*** Records to use Section Begins ***
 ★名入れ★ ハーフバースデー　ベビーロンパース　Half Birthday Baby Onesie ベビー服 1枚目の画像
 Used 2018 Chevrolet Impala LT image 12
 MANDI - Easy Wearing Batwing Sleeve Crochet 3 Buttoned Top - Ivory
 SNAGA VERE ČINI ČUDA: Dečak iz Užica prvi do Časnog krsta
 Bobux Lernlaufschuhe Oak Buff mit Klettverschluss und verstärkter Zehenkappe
*** Records to use Section Ends ***
*** Records to use Section Begins ***
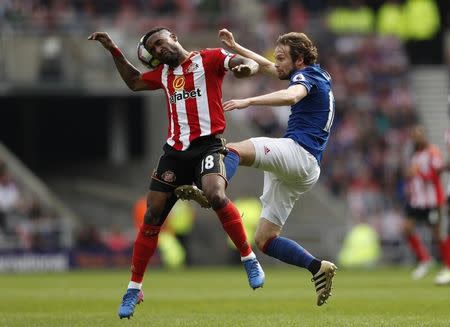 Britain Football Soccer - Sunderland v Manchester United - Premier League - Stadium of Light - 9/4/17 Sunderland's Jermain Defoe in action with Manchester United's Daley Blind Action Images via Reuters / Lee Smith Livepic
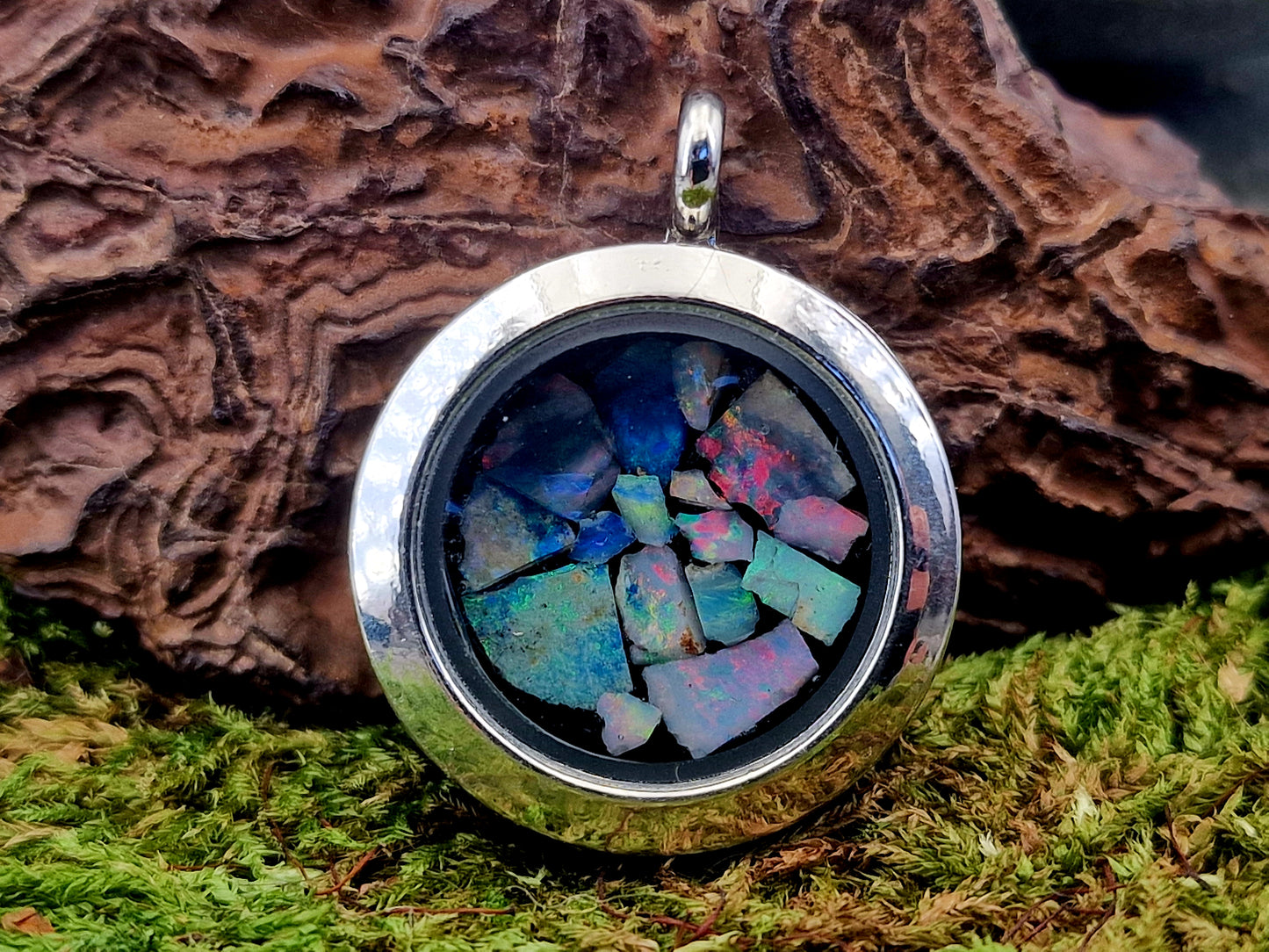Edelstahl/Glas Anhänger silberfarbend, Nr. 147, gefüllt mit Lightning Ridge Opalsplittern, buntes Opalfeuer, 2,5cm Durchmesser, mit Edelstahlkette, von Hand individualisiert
*** Records to use Section Ends ***
*** Records to use Section Begins ***
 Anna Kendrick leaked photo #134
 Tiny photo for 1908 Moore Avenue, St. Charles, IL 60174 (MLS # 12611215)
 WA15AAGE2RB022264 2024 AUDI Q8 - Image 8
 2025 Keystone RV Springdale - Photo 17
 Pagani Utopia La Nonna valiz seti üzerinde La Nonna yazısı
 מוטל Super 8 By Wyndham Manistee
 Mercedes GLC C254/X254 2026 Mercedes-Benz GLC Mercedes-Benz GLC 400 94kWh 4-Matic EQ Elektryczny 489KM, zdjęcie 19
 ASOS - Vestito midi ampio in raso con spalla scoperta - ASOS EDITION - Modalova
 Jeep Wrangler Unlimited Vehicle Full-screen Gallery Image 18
*** Records to use Section Ends ***
Exercise instructions →
From the records above, transcribe exactly the run of lines that opens with the line holding "MANDI - Easy" and closes with the line holding "Bobux Lernlaufschuhe Oak", both included.

Result of the task →
 MANDI - Easy Wearing Batwing Sleeve Crochet 3 Buttoned Top - Ivory
 SNAGA VERE ČINI ČUDA: Dečak iz Užica prvi do Časnog krsta
 Bobux Lernlaufschuhe Oak Buff mit Klettverschluss und verstärkter Zehenkappe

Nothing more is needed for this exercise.